I know the voice lies. I know the voice is wrong, but when I’m unable to distinguish my voice from its, I can be convinced that mere hope is fantasy, that the future is a place of pure fear, that up is down.

I roll past an encampment of the unhoused and consider how little separates me from their plight. The voice tells me I could be as few as 90 days from homelessness. It leaves out every good thing in my life that stands between me and such a fate. I shiver and move my hands from the top of the bar to the hoods and goose the pedals, feeling my quads fire.

My tires slice through a puddle and my first thought is that I’m glad for the fender that will keep my ass dry. I fail to register the beauty of the way the water cuts in symmetrical waves like a sonic boom, radiating to shores a couple feet away.

It is said that depression and anxiety are two sides to the same coin, that depression is rumination on the past, continuing to hold us to account for previous mistakes, a brand we place on ourselves, while anxiety is rumination on the future, a failure of imagination so epic that we can’t conceive of a world where we enjoy agency, find success at our own hand. The voice spins both with equal ease, the Eddy Merckx of lies.

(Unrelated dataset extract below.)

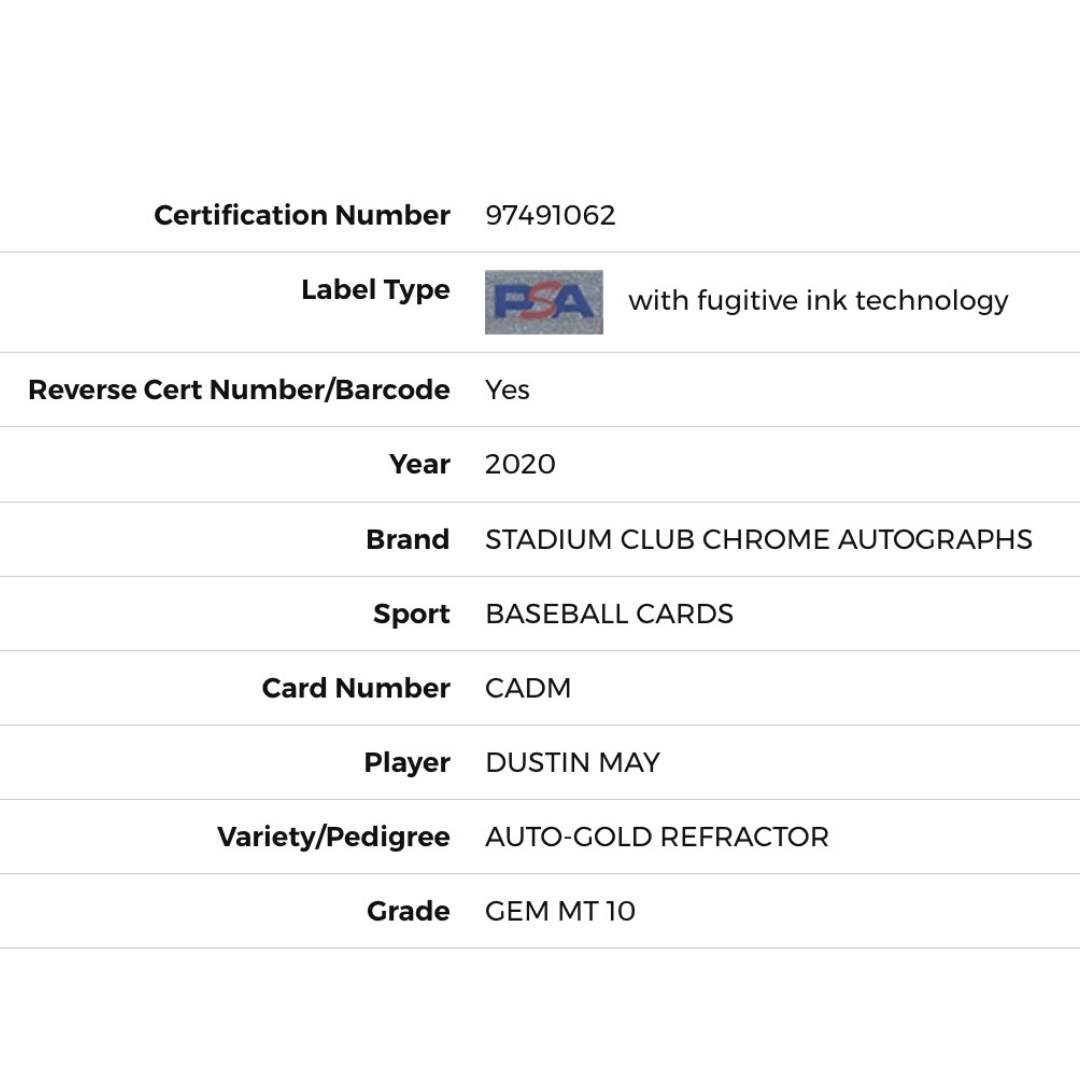 Dustin May PSA 10 2020 Topps Stadium Club Chrome Autographs Gold Refactor Rookie RC d/50 Card #CADM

A car cuts me off in a driveway, making a left turn in front of me that causes me to hit the brakes so hard my tires slide. I respond with a single finger and a narrow assortment of terms that I mostly won’t say in the presence of my mother. This, I think, this is why I don’t like people. But the truth isn’t so dark. The degree to which I do or don’t like people is really a measure of the power of the voice. When I’m in a good place, people are a delight and when I’m in the grip of the voice, there simply isn’t enough napalm in the world.

Then, ahead, I see the willowy green stalks topped with curls of orange, the young petals in a cat stretch, already beautiful, but promising greater enchantment in the weeks to come. The weeks to come. The future. More beauty in the future. The voice argues. It takes me back to an insult from an old boss, the dismissive wave of the hand from an ex, the shout of, “You never listen,” from my son. But I can hear that this voice isn’t mine. I remind myself of the way a literary agent complimented the quality of writing and thoroughness in a book proposal I submitted. The voice reminds me that she turned me down. I argue with the voice, reminding myself that she said it was destined for a market she didn’t know.

Then, another stretch of poppies. The pull me back into the present, the only place where I’m guaranteed freedom from the darkness, the voice. I register my ongoing delight at something so simple, my appreciation for the range of orange they can display, from a yellow-orange that is barely this side of orange, to one so deep I wonder how it isn’t brown.

Then I feel my cheeks pull upward in a smile and something in my shoulders softens. I count the colors I see—green grass and rising redwoods, yellow mustard, the gunmetal gray of the bike path, the electric poppies—then, the sounds I hear—bird song, the turning chain, the air moving in and out of my lungs—what I can smell—spring itself, sweet manure, and if I drop my head, my armpits. My focus stays in the moment and the voice goes silent; I can’t hear it over my inventory of hues, the birdsong that emerges between the whoosh of cars on the nearby highway.

I turn off on a small road that passes a couple of wineries. The rows of vines zip past, the teeth of a comb. Something inside me takes in the order and unspools the tension in my back and then the asphalt dives into a turn, I drop my head, reach for the drops and register the way my hips shift on the saddle. You love this, I remind myself. And with that, I tell myself I’ll go for a hilly ride on the weekend, that I’ll rip down descents that anchor me to the moment at hand.

A new voice comes to me. This one says that if I can imagine a great ride in the coming days then I can imagine a future where I’m surrounded by people I love, connected to friends, serving others who hear the voice.